Não, a F1 não estava morrendo uma semana atrás, nem está livre de problemas sérios agora que produziu uma grande corrida. O que parece estar morrendo é o bom-senso, a disposição para analisar com alguma profundidade e debater com o mínimo de razão ou isenção, nestes tempos de pós-verdade e autoengano em que a paixão parece sempre ditar as pautas, deixando a sensatez em posição coadjuvante, de reação, sob ataque e descrédito.

Antes, todavia, de mergulharmos nos detalhes que escreveram a história do GP da Áustria de 2019, parece importante que lancemos um olhar mais distanciado, buscando entender em linhas gerais por que, afinal, a corrida foi tão boa. Inclusive porque uma interpretação equivocada destes fatores pode levar a direcionamentos equivocados no futuro.

Bom, para início de conversa é importante relembrar que nem toda corrida pode ser emocionante.
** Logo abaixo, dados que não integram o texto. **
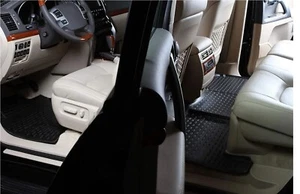 2022-2025 Kia Carnival Floor Mats Kia Carnival MPV (Only Fits 8 Passenger M - Picture 1 of 5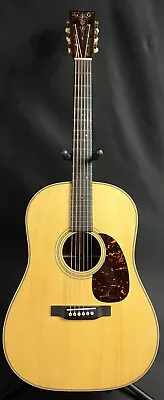 Martin Custom Shop HD-28 12-Fret Slot Head Dreadnought Acoustic Guitar Natural • $3999.95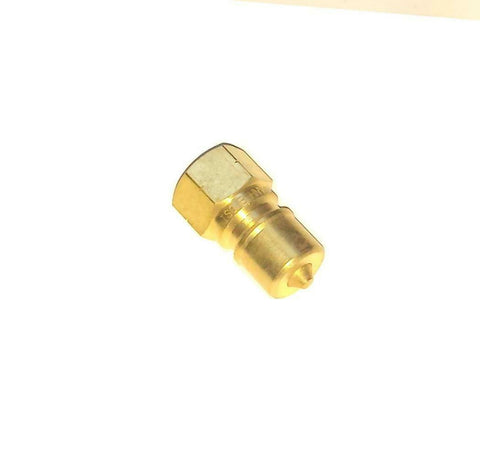 New Hagemeyer  HNV38MB  Brass Quick Coupler Nipple Fitting 3/8 NPT IS0-B
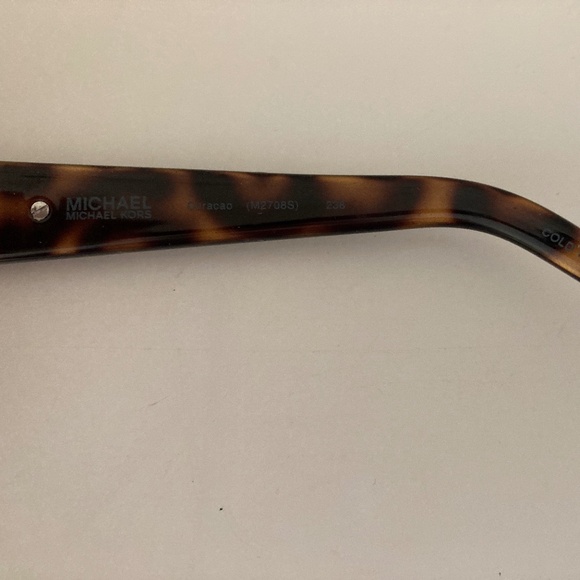 Michael Kors Women\'s Curacao Brown/Tortoise Sunglasses M2708S 238/Case/NEW!!! main image 6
Mesmo nos melhores anos, nos contextos mais favoráveis, sempre houve momentos de estabilidade, de dominação, de hegemonias e carência de disputas. E o oposto também é verdadeiro, mesmo os piores anos podem ter corridas empolgantes, deixando claro que (felizmente) existe uma componente casual que foge ao controle da pasteurização científica, sempre que os melhores pilotos do mundo disputam cada palmo de pista a mais de 300 km/h.

Mas, feita esta importante consideração, vamos lá: por que essa corrida foi tão boa?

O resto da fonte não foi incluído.